Knowledge for the World

How to back up a Raspberry Pi SD card on Windows

Let’s save a little Pi for later.
  • by Ash (35)
  • 10 minutes

Backing up your Raspberry Pi is a crucial step for many projects. Maybe you're about to update the OS or perhaps you're experimenting with a cool new application. Whatever the reason, it's never a bad idea to make a quick backup of your Raspberry Pi and its contents.

In this guide, I'm going over the easiest way to back up your Raspberry Pi for Windows users. This guide will require the use of a third party imaging program.

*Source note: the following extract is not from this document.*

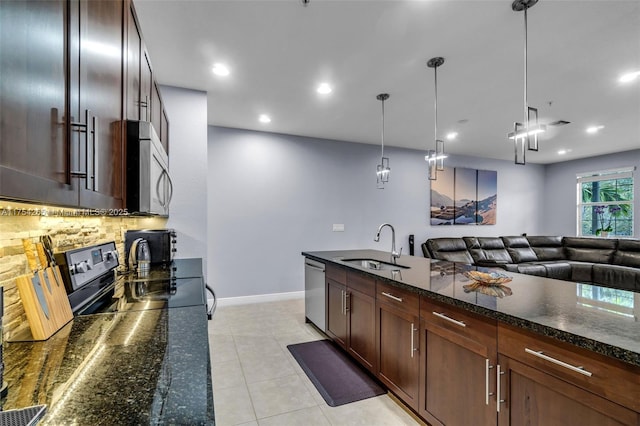 kitchen featuring dark stone counters, appliances with stainless steel finishes, a sink, backsplash, and light tile patterned flooring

Using a Mac? Use our MacOS Raspberry Pi backup guide instead!

1

Download a Windows imaging program

Performing a Windows Raspberry Pi back up is easy. To accomplish this, you'll need a disk imaging program. In this guide, I'll be using Win32 Disk Imager. It's a free tool available for a wide variety of Windows applications.

2

Launch Win32 Disk Imager

To get started, launch Win32 Disk Imager. It can be helpful to launch the application with administrative privileges.

3

Choose a location

The Raspberry Pi backup will be stored in a single file. You'll need to choose a location to store your backup. Be sure to name the backup file and include the .img extension.

Example: C:\pibackup.img

This will create a backup file named pibackup.img located in the top level of the C drive.

4

Initiate the back up

Select the "Run" option to initiate the back up process. The amount of time this step takes can vary depending on a few factors. You'll have the opportunity to track the progress with a loading bar.

5

Verify the back up process is successful

To confirm your success, Win32 Disk Imager will notify you via pop up alert. However, it's best to double check the location to ensure your backup file is actually there. It should have the .img extension following the name.

Congratulations! Your Raspberry Pi's contents are now backed up safely.

6

How to restore your backup file contents

To restore your backup file to the Raspberry Pi, choose the backup image file and set the device letter to your SD card. Clicking “write” will update the SD card with the image file you've selected.

Note: If your Raspberry Pi's file system is expanded to use all available space, be sure to load your backup image onto an SD card of the same size or larger.